* Data extract:

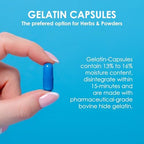 Capsuline Size 000 Empty Gelatin Capsules, Clear - 1000 Count | Gluten Free, Kosher, Non-GMO Certified | Pure Bovine Pill Caps for DIY Supplement Filling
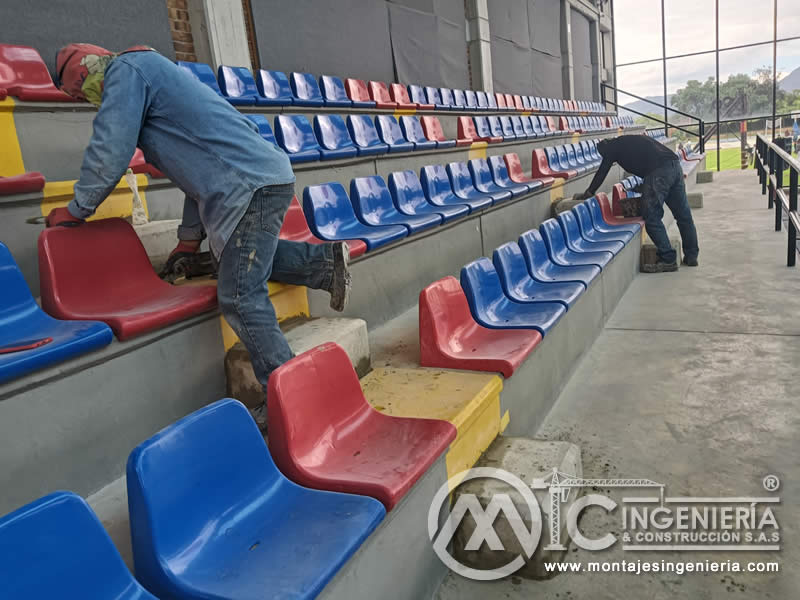 Construcción de graderías en concreto para colegio en Bogotá, Colombia. Montajes, Ingeniería y Construcción MIC SAS. Construcción de graderías en concreto para colegio en Bogotá, Colombia. Montajes, Ingeniería y Construcción MIC SAS.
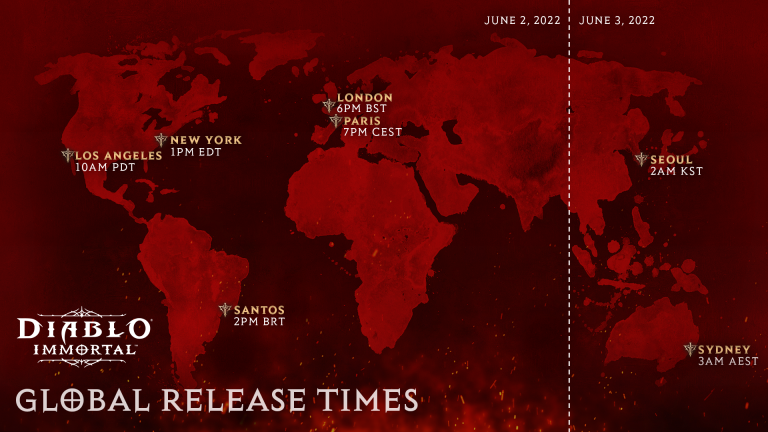 Diablo Immortal: launch time, preloading, cross-progression ... Blizzard says it all!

* What is being asked: Please print all the lines above exactly as given and leave out every picture.

* Answer box:
 Capsuline Size 000 Empty Gelatin Capsules, Clear - 1000 Count | Gluten Free, Kosher, Non-GMO Certified | Pure Bovine Pill Caps for DIY Supplement Filling
 Construcción de graderías en concreto para colegio en Bogotá, Colombia. Montajes, Ingeniería y Construcción MIC SAS. Construcción de graderías en concreto para colegio en Bogotá, Colombia. Montajes, Ingeniería y Construcción MIC SAS.
 Diablo Immortal: launch time, preloading, cross-progression ... Blizzard says it all!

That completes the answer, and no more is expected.